Racconti nella Rete®

24° Premio letterario Racconti nella Rete 2024/2025

Racconti nella Rete 2009 “Solimano” di Cristiano Caracci

Categoria: Premio Racconti nella Rete 2009

Caro Sinan, l’esercito non ha ancora ultimato l’allestimento del campo e già desidero scriverti mentre intorno a me guardo svolgersi gli usuali preparativi per assediare questa piccola, maledetta città di Ungheria; assisto al dispiegamento della nostra potente artiglieria, con i cannoni più pesanti sistemati su robusti terrapieni cui i genieri hanno provveduto in fretta; guardo l’avanzare lento e pauroso dei giannizzeri che vanno disponendosi accanto ai pezzi, pronti a precipitarsi nelle brecce al crollo delle mura, avidi di saccheggio; già la cavalleria è schierata, in ordine, per respingere ogni tentativo di incursione; scorgo le teste dei resistenti al rivellino e, più indietro, comparirne altre tra la merlatura dei bastioni: teste che presto il comandante dei giannizzeri mi presenterà raccolte e sanguinanti nelle ceste di vimini; i soldati delle nostre retrovie stanno alzando un mare di tende bianche, alloggi notturni e riparo dalle piogge che qui cadono anche d’estate; i cuochi accendono gli enormi bracieri e macellano le prime bestie per la fame del grande esercito.

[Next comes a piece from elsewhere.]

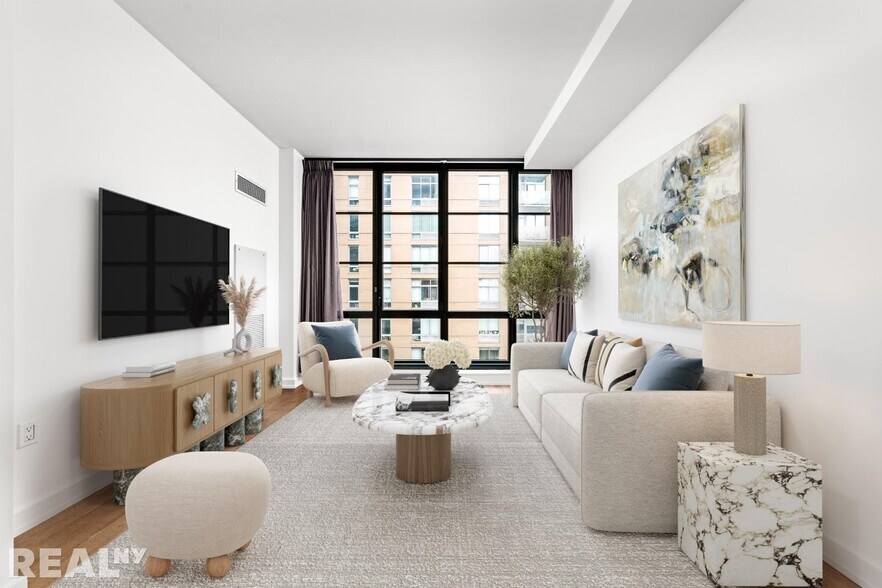Building Photo - 261 W 25th St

Da molti anni non presiedevo a un simile rituale di guerra, sembra ieri l’ultima volta, ma il calendario parla di nove anni; allora fu uno scontro duro, ai confini orientali, una vera campagna che ben si poteva chiamare “augusta”, con sacrificio per i soldati i quali si adattavano ai pericoli fidando in me, sempre loro accanto a sopportare rischi e privazioni. Qui, oggi, comandanti inetti e imbelli pascià hanno richiesto un esercito a Istanbul e la mia augusta presenza sul campo dove pochi anni fa i vecchi generali avrebbero saputo ridurre a ragione questi piccoli, meschini, litigiosi principi ungheresi con le sole forze dei presidi locali, senza neppure darne notizia alla Porta. Comunque sono qui, settantenne, al servizio dell’Impero, primo degli schiavi, a comandare quest’ultima battaglia; la truppa è entusiasta, mi benedice, mi invoca quando, ancora a cavallo, attraverso gli accampamenti.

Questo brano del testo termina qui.